Wiltshire bus campaign hopes to avert council cuts
- Published
Proposals by Wiltshire Council to reduce bus service subsidies are being challenged by a bus passenger group from Melksham.
Option 24 7 is calling for a review of the whole bus network in the county to make services more appealing.
Campaigner Graham Ellis said: "If we have three more people paying for each bus journey then that removes the need for a subsidy completely."
Wiltshire Council has said its consultation is seeking people's views.
'Better decisions'
Cabinet member for transport, Conservative Philip Whitehead said: "We're giving options of what changes there could be - we could stop subsidising the evening services, we could stop subsidising weekend services or Sunday services.
"But what we want to find out is how people will be impacted... that's what need back so we can make better decisions."
The total transport budget is £25m a year, but most of this is spent on school transport, so public bus services are most likely to bear the brunt of the cuts.

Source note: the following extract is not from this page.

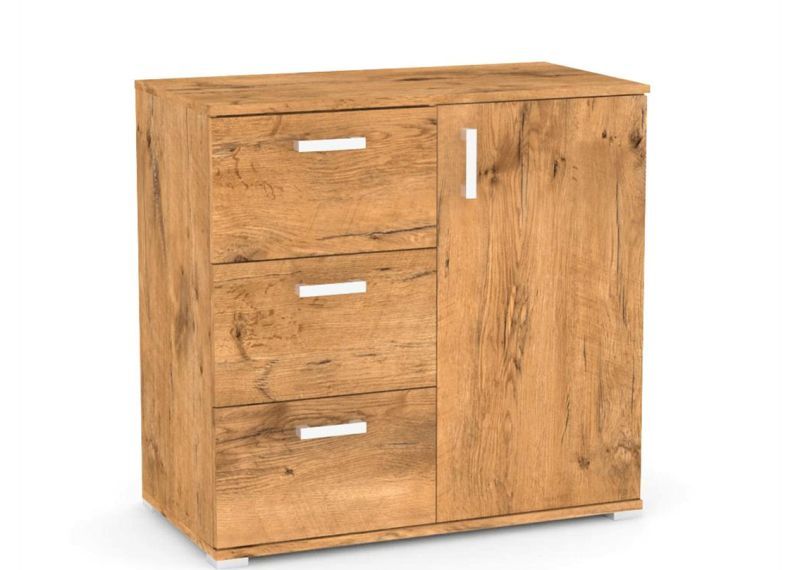 Praktická komoda 3-zásuvková s dvierkami - viac farebných prevedení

Out of the 276 bus routes in Wiltshire, half the total receive a subsidy to help keep the service running.
'Beeching cuts'
In Malmesbury there are no commercially viable buses and the same applies for the routes between Devizes and Salisbury.
Mr Ellis described the planned cuts as similar to the Beeching cuts of the 1960s were hundreds of railway branch lines were removed.
He said: "We're talking about two and half million journeys a year (in Wiltshire).
"Let's work it out as we have done with the trains and with some of the other services and get it on the increase."
Earlier this week, the council also confirmed it would be cutting its Hopper service later in the year.
Wiltshire Council's bus consultation, external runs until April.